§ What needs to be done
Please restate word for word the lines of the entries below from the one with "Second-hand car spare" to the one with "Rene Lavand: The", inclusive, and leave out every picture.

§ Extracted records
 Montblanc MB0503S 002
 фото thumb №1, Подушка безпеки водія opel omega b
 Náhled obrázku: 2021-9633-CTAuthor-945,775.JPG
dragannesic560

...

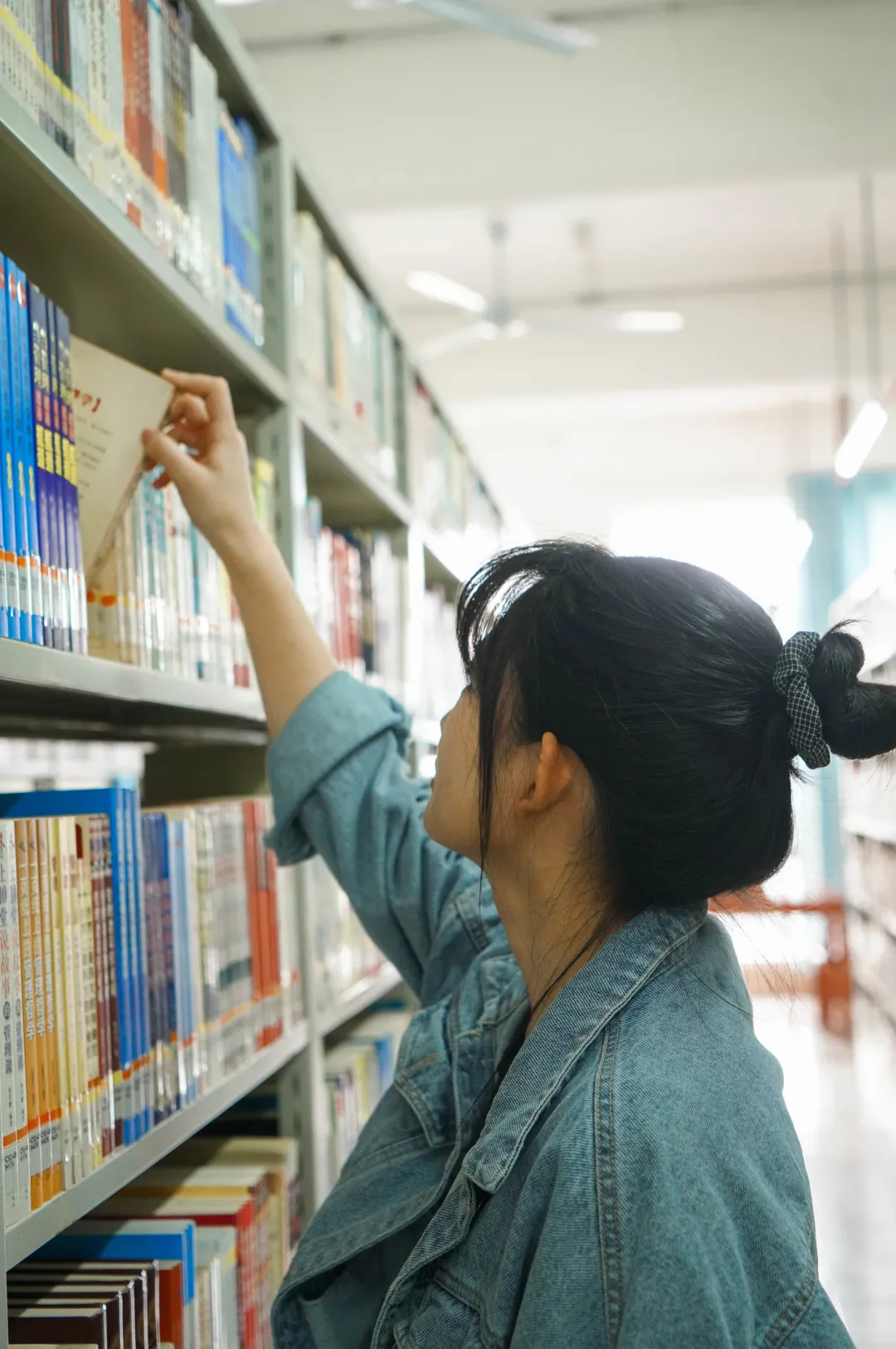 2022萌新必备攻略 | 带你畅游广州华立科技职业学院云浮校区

* * *

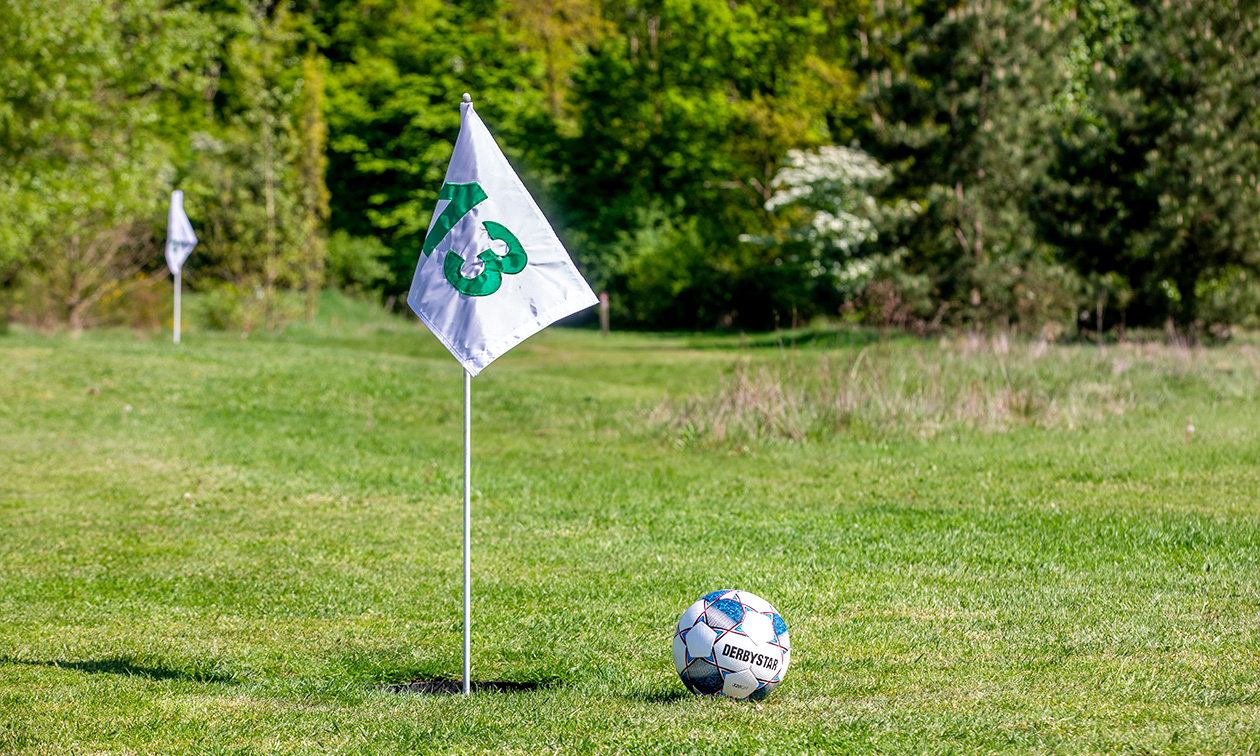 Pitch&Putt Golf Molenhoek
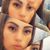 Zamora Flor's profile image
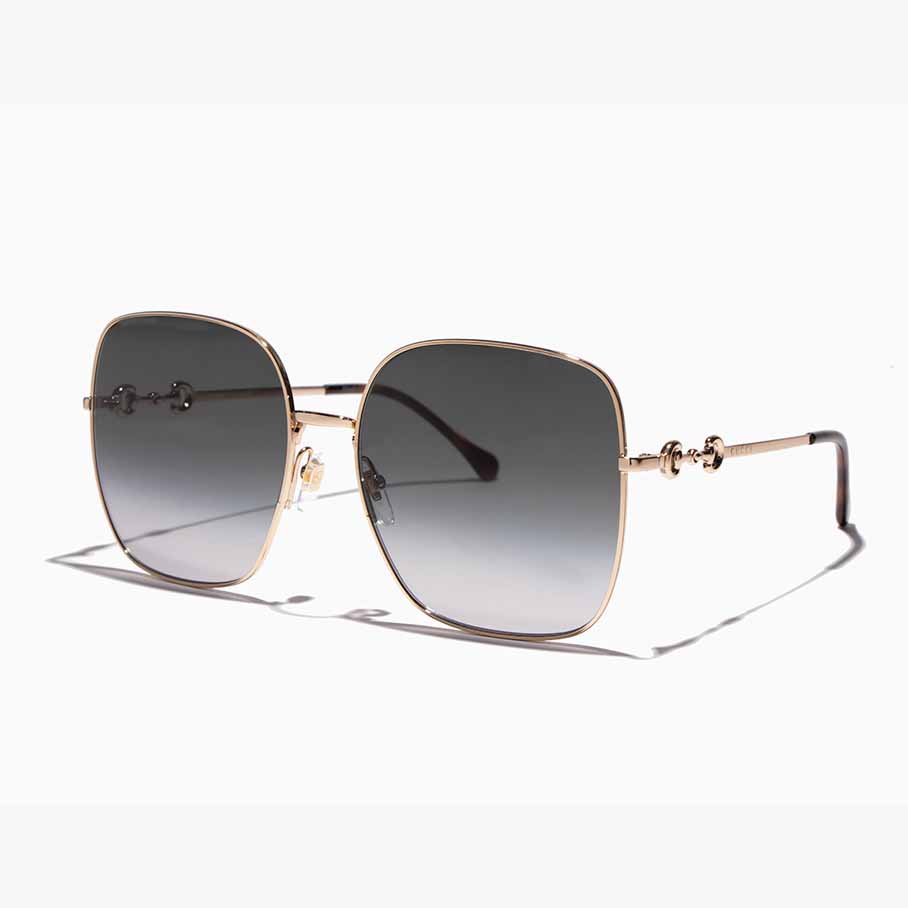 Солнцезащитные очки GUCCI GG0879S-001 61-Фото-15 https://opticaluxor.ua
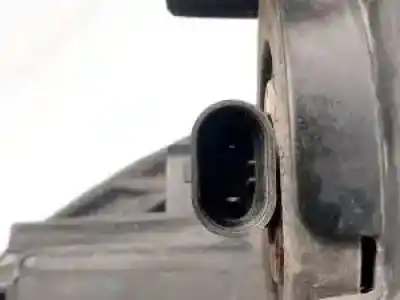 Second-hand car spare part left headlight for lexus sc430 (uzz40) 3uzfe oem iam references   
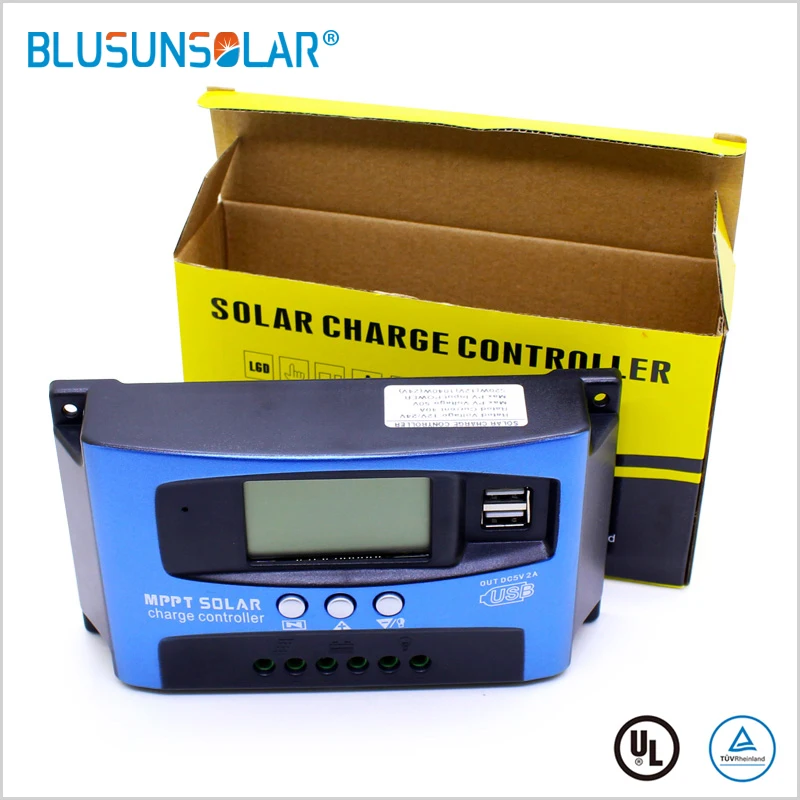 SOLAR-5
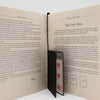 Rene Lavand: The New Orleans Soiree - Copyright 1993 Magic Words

§ The answer
 Second-hand car spare part left headlight for lexus sc430 (uzz40) 3uzfe oem iam references   
 SOLAR-5
 Rene Lavand: The New Orleans Soiree - Copyright 1993 Magic Words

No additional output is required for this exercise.